Chronic leukaemia and other myeloproliferative disorders ePoster with Audio


  • J. Bossard
  • J. Beuscart
  • M. Robin
  • M. Mohty
  • F. Barraco
  • P. Chevallier
  • M. Rubio
  • A. Charbonnier
  • D. Blaise
  • J. Bay
  • C. Botella-Garcia
  • G. Damaj
  • S. Maury
  • P. Ceballos
  • T. Cluzeau
  • J. Cornillon
  • M. Meunier
  • C. Orvain
  • T. Marchand
  • F. Garnier
  • A. Duhamel
  • J. Kiladjian
  • I. Yakoub-Agha


Background: Pretransplant splenectomy may improve allogeneic hematopoietic cell transplant (allo-HCT) outcomes but is associated with substantial morbidity and mortality that may delay or cancel a project of transplant. This study aims at determining whether pre-transplant splenectomy precludes subsequent allo-HCT, in myelofibrosis (MF) patients waiting for a transplant.

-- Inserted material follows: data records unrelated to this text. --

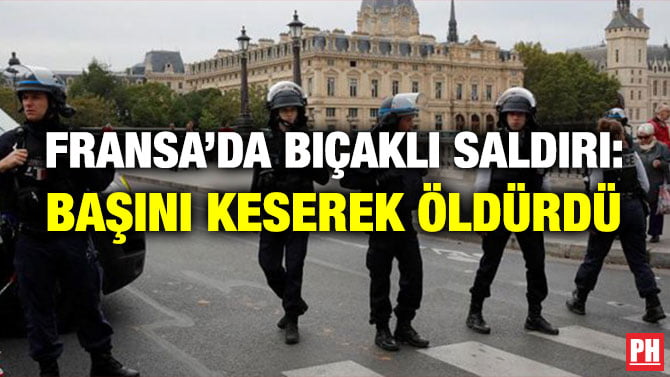 FRANSA’DA BIÇAKLI SALDIRI: BAŞINI KESEREK ÖLDÜRDÜ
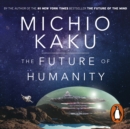 The Future of Humanity : Terraforming Mars, Interstellar Travel, Immortality, and Our Destiny Beyond - eAudiobook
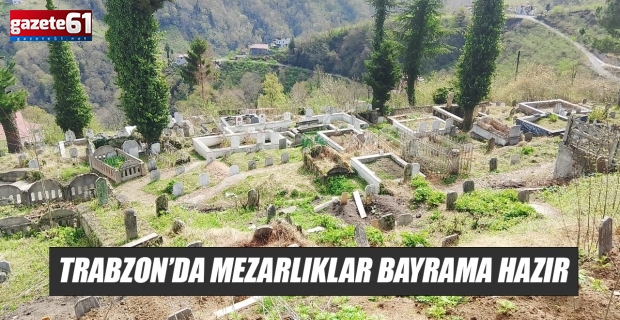 TRABZON’DA MEZARLIKLAR BAYRAMA HAZIR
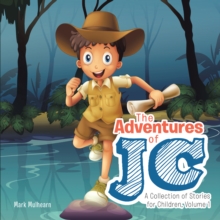 The Adventures of Jc : A Collection of Stories for Children, Volume 1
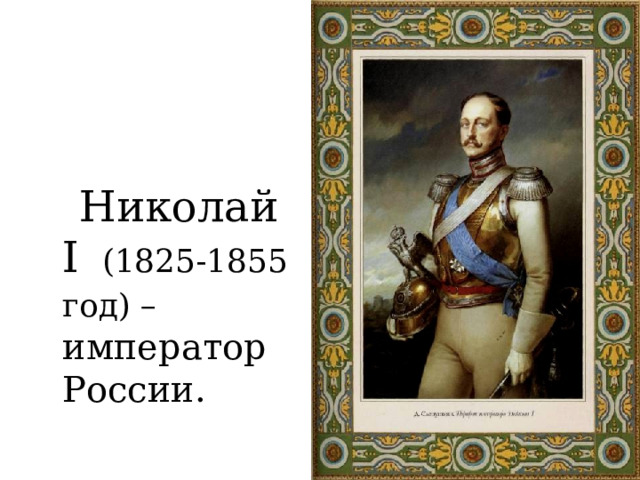  Николай I  (1825-1855 год) – император России. 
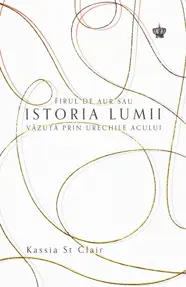 Firul de aur sau istoria lumii vazuta prin urechile acului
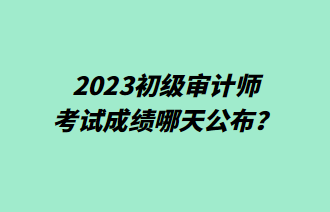 2023初級審計師考試成績哪天公布？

Methods: This study included all MF patients who were candidate to first allo-HCT from an unrelated donor in France, between January 1st, 2008 and January 1st, 2017, using the French registry of bone marrow transplantation (RFGM, Registre France Greffe de Moelle). With the Promise database, we identified transplanted patients, along with data regarding pretransplant splenectomy. For non-transplanted patients, local centers provided data from medical files. We excluded patients splenectomized before the initiation of unrelated donor search (ie, at registration).
We applied a multi-state model including the four following states:
1) “RFGM registration”, (ie, all patients at the time of initiation of unrelated donor search );
2) “Splenectomy”, (ie, splenectomized patients);
3) “Death before allo-HCT”; and 4) “Allo-HCT”.
All patients started in state
1) and could move to the intermediate state 2), or to one of the absorbing states 3) and 4). Similarly, patients could move from state 2) to state 3) or 4). We used Cox models with splenectomy as a time-varying variable and a clock-reset timescale to evaluate the association between splenectomy and subsequent HSCT or death.

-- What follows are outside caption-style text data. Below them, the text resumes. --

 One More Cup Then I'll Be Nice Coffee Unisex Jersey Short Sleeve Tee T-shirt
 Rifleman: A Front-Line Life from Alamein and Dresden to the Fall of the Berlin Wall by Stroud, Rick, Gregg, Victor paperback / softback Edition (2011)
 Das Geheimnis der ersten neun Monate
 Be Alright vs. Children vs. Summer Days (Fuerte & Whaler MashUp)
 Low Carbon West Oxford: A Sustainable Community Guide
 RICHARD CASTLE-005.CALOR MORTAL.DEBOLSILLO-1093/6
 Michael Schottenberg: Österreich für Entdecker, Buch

Results: We recruited and analyzed 530 patients from 57 centers in France. Median age was 59 years old (interquartile range [IQR], 53 to 63 years old) and 310 (58.5%) were men. Median follow-up was 6 years. Eighty-one patients were splenectomized after registration, of whom 65 underwent subsequent allo-HCT and 9 died. Stacked probabilities of being in each state as a function of time are represented with the Aalen-Johansen estimator (Figure). At each timepoint, the distance between 2 adjacent curves represent the probability of being in the corresponding state. For instance; two years after registration on the RFGM, the estimated probabilities were: 28.6% for being alive, neither splenectomized nor transplanted; 2.1% for being alive, splenectomized and not transplanted; 45.7% for being transplanted without previous splenectomy; 12.1% for being dead without previous splenectomy; 10.6% for being splenectomized and transplanted; and 0.9% for being splenectomized and dead.

[Aalen-Johansen estimation of state occupancy probabilities.]

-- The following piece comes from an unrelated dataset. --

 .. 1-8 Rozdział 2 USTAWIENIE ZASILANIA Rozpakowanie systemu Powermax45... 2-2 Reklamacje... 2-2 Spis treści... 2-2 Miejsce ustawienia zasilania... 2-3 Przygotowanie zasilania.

Splenectomized patients had a higher probability of being transplanted in the first 4 months after splenectomy, in comparison with non-splenectomized patients (unadjusted HR [Hazard Ratio], 7.2; 95% CI, 5.1 to 10.3), but not afterwards (HR, 1.2; 95% CI, 0.7 to 2.0). We found no significant association between splenectomy and death without allo-HCT (unadjusted HR, 1.6; 95% CI, 0.8 to 3.1).

Conclusions: When indicated, splenectomy can be performed among MF patients without precluding subsequent allo-HCT. However, its impact on post-transplant outcomes must be clarified before recommending larger indications for it.

Disclosure: This work was funded by a grant from the Agence Régionale de Santé Hauts-de-France (“Bourse année recherche”) and by the patients' association ALTE-SMP.
Authors declare no conflict of interest.